Jennifer M. Grossman
B.A., Oberlin College; M.S., University of Illinois at Urbana-Champaign; Ph.D., Boston College
Researches adolescent development, racial, and ethnic identity, and sexual health and risk-taking. Current projects: evaluation of middle school sex education and investigation of culture and gender in family communication about sex.
Jennifer M. Grossman is a Research Scientist at the Wellesley Centers for Women (WCW), focusing on adolescent development and sexual health and risk-taking, with an emphasis on family communication about sex and relationships as well as on racial and ethnic identity. She co-directed an evaluation of Get Real, Planned Parenthood’s comprehensive middle school sex education program , which delivers accurate, age-appropriate information on sexual health and relationships and includes built-in opportunities in each lesson for parents to talk with their children. Dr. Grossman is the lead author on a recently published study that shows the effectiveness of Get Real in delaying sex for boys and girls. This evaluation makes Get Real one of the few middle school sex education programs that shows delayed sex for both boys and girls. Based on these evaluation findings, Get Real was designated by the U.S. Department of Health and Human Services (HHS) as an evidence-based program, which means that schools and organizations can use federal funding to teach Get Real in their communities. The evaluation also found that boys who completed Get Real family activities in 6th grade were more likely to delay sex in 8th grade than boys who did not complete them. It may be that the 6th grade family activities in Get Real encouraged parents to begin discussing sexual issues with their sons earlier and more often than they would have otherwise.

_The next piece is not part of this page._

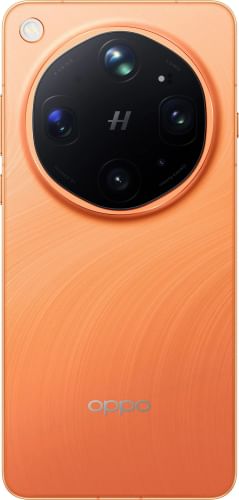 OPPO Find X9 Ultra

Dr. Grossman is currently the Principal Investigator on two grants from the National Institute of Child Health and Human Development (NICHD) that investigate how teens and their families talk about sex and relationships. The first project, "Communication about sex in the nuclear family and beyond: Implications for health” explores how adolescents talk with their parents and extended families about sex and relationships. Findings from this project show that teens have had sex are more likely to talk with extended family than those who have not had sex, which may reflect a growing importance of extended family sexuality communication as teens become sexually active. Interviews with teens for this project showed that teens talk to extended family about sex because of 1) close connections with extended family, 2) learning from family members’ knowledge and experience, and 3) avoiding talk with a parent about sexual issues. The second project, "Parental profiles of sexuality communication: protective effects on youth sexual behavior," uses the National Longitudinal Study of Adolescent to Adult Health (Add Health) to examine associations between maternal approaches to talking about sex with their teens and early adult sexual risk behavior. Dr. Grossman has also investigated how teen parents talk with their children about sex and relationships.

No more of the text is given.